明日への活力が満ちていくハートウォーミング小説。(Amazonより)
『木曜日にはココアを』を手始めに読んでみたら面白いし読みやすいしで期待値上がってたけど、これもまた良かった。
『木曜日〜』はどちらかというか個々人の(人間関係含む)問題にスポットが当てられていたけど、今作は社会との、自分との、人生との繋がり方がメインになっている。
そして簡潔で、それ故最短距離で心に刺さる問いかけやメッセージが散りばめられている。

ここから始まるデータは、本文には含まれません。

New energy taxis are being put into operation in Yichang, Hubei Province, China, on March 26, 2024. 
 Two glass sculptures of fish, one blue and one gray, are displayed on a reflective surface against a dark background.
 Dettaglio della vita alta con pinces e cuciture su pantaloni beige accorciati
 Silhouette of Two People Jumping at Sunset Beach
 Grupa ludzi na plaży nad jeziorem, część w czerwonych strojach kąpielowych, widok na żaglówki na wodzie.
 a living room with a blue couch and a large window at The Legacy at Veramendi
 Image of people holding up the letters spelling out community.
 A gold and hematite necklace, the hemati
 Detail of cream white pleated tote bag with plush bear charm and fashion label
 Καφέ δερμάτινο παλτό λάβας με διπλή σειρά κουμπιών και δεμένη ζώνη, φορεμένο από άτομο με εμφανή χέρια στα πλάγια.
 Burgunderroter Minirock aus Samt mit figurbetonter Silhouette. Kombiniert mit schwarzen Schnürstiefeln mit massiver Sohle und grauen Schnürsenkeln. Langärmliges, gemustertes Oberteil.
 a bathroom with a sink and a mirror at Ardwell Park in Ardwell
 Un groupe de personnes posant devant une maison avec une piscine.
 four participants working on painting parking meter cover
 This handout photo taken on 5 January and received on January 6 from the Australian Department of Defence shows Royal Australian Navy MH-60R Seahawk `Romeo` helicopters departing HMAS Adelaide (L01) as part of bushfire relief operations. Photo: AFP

何が起きるかわからない世の中で、今の自分にできることを今やってるんだ。
何を探しているのかって…もてあましている夢の置き場かもしれない。
たとえば十二個入りのハニードームを十個食べたとして、そのとき箱の中にある二つは「残りもの」なんでしょうか。
人と人が関わるのならそれはすべて社会だと思うんです。接点を持つことによって起こる何かが、過去でも未来でも
わたしはわたしを退いたりしない。これからは、好きなものを大切に集めていくのだ。わたしだけのアンソロジーを。
社会に出ている人なら、自分に少し重なるような、共感を抱くような物語が各編の中から見つかるかも。
そして、司書がキーマンで、舞台が図書室という本好きにはたまらない設定で、押し付けがましくなく、きっかけや気づきを書く登場人物に与える展開は毎度素晴らしかった。
どんな本もそうだけど、書物そのものに力があるというよりは、あなたがそういう読み方をしたっていう、そこに価値があるんだよ。
主人公たちのように、なにか社会でつまずきや引っかかることが合った時にはふとまた開いてみたくなるような作品だった。